Letter: How far will it go?
Over 70 of the 102 elected sheriffs in Illinois have stated publicly that they will not enforce the provisions of Public Act 102-1116 (Protect Illinois Communities Act) that require current owners of specific models and categories of semi-automatic weapons to register those weapons and obtain an endorsement on their Firearm Owners Identification card by Jan. 1, 2024.
As expected, these sheriffs have been both praised and excoriated for their public objections. Some have stated that, although they will enforce the law, they do not intend to ask their deputies to go door-to-door looking for unregistered firearms in their counties.
So, how are these deputy sheriffs expected to enforce the registration requirements of the law? Without probable cause, they can't force a gun owner with a valid FOID card to open their gun case to inspect the contents. They won't find them in the field since semi-automatic, center-fire rifles are illegal for hunting in Illinois.
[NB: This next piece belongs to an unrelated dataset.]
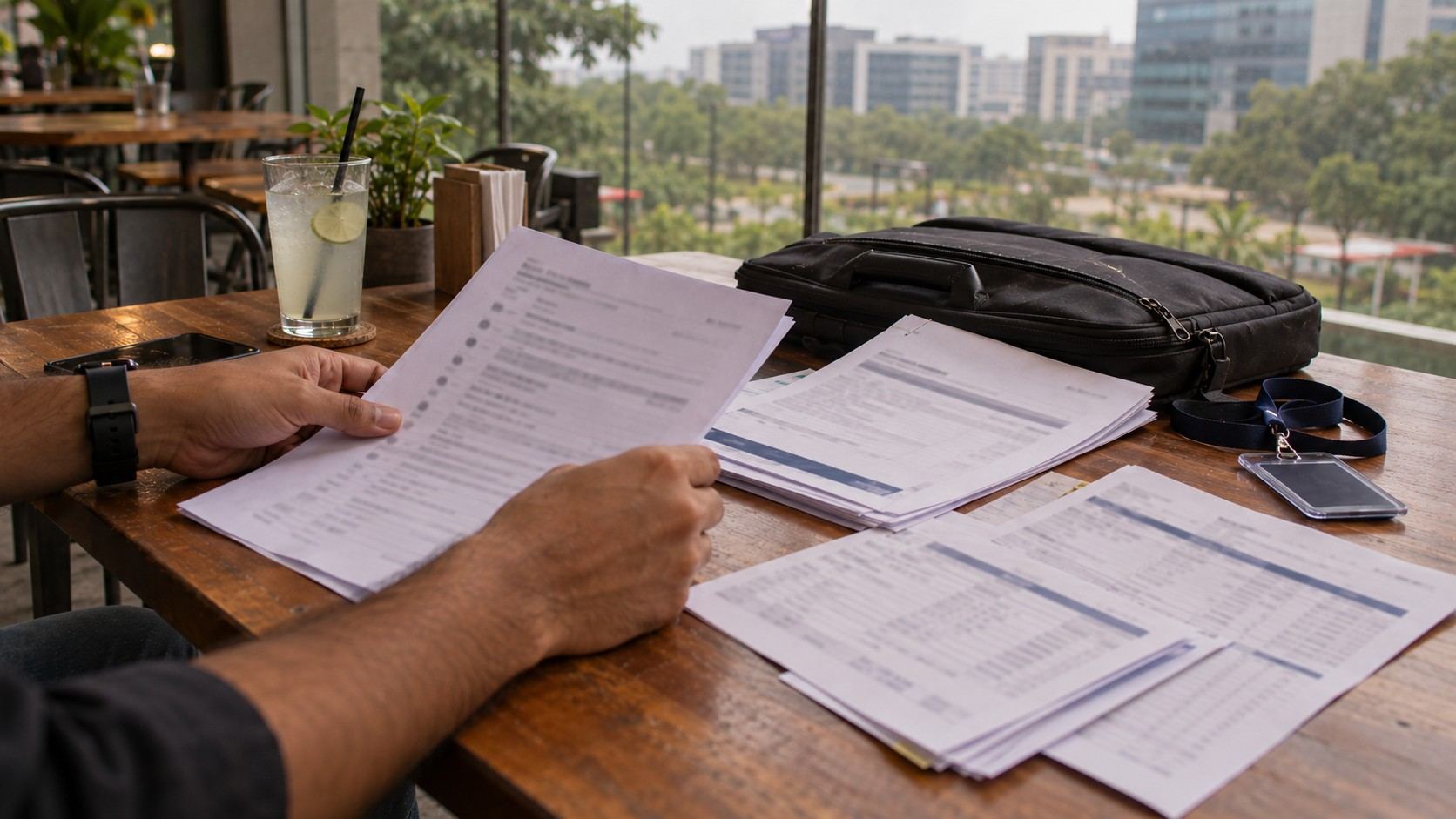 An employee's appointment letter, a termination email printout and payslips on a desk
So, will these professionals be relegated to hanging around gun ranges undercover to cite shooters for the class A misdemeanor prescribed by the act? However, since the governor controls the state police, it's possible that he could deploy them for this task.
Firearm registration raises another issue that would put law enforcement between law makers and gun owners: confiscation. This used to be considered NRA and conspiracy theorists' fearmongering. However, as recently as 2020, at least one presidential candidate (Beto O'Rourke) included confiscation in his platform. In Connecticut, where 81,849 firearms the state considers "assault rifles" have been registered since 2013, Gov. Ned Lamont expressed his support for using that registration database to confiscate those weapons.
How would Illinois use a similar gun registration database? Politicians state that they only want to track the guns. But, they don't say why. We're left to speculate.